These neighborhoods form only a small section of Beirut. A section that is nevertheless quite diverse, both socio-economically and in a sectarian sense. As I walked through Koreitem, for example (next to the Saudi Embassy), I walked passed a small group of teenagers. I was pleasantly surprized to hear one of them refer to the other as "Danny." I hope you enjoy the pictures and the accompanying commentary.
The slogan on this one reads: "The Imam of freedom, sovereignty and Independence." He is the late Mufti Hassan Khaled. He was assassinated in 1989 by the Syrians. It is quite obvious who put up this poster.
The current Syrian struggle is to try to appeal to the Sunnis by playing the "Arab card." This collection of posters harkens back to the grandaddy of Arab Nationalism, and then plays on Sunni sentiment by highlighting the two Sunni Martyr-Leaders.

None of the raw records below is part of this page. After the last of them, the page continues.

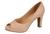 Sapato Scarpin Peep Toe Salto Alto Meia Pata Vizzano Nude Nude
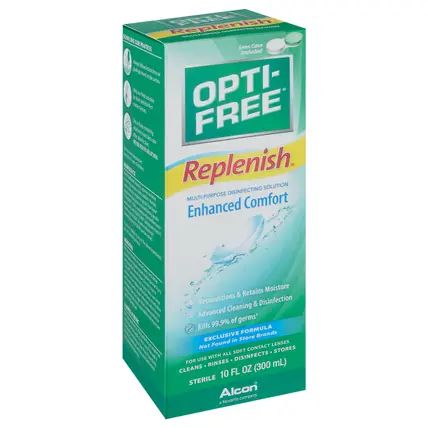 Opti-Free Replenish Enhanced Comfort Multi-Purpose Disinfecting Solution 10 fl oz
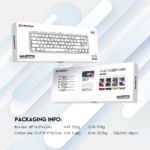 Tastatura Mehanicka Gaming Fantech MK911 RGB Vibe Maxfit 70 Epic Greyscale Wireless (Yellow switch) - Slika 13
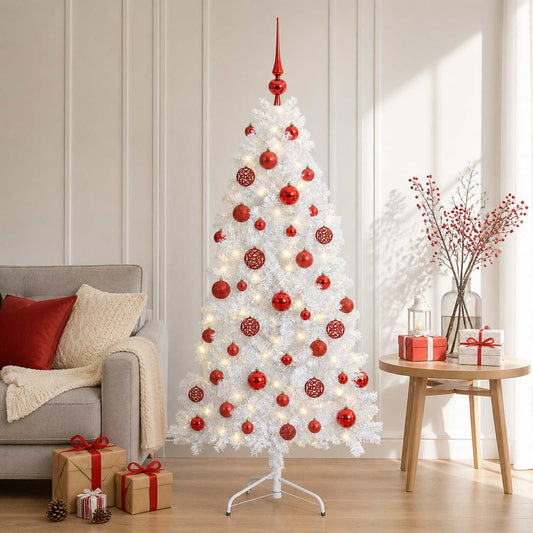 Artificial Christmas Tree with Bauble 150 cm 150 LEDs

I found this grafitti on the walls of a fomer Syrian army base. The base was situated around halfway between the Croniche (where I started my mini-treck) and Hamra. I believe the authors of this piece of work are the Popular Front for the Liberation of Palestine (PFLP) - Habash's group - not Jibril's.
On the right it reads, literally, "The Country Remains" (referring to Palestine)
On the left it reads, again literally, "Revolution until Victory, or Martyrdom"
Yup, you'd better believe it! He's in town, and I'm missing his concert. I hope he doesn't shoot anybody! ;-)
And this little pamphlet was actually on another 50 Cent poster that was right next to the one above. Ufortunately, it's not so obvious, so you're gonna have to take my word for it. Lebanon: A country of amazing contrasts!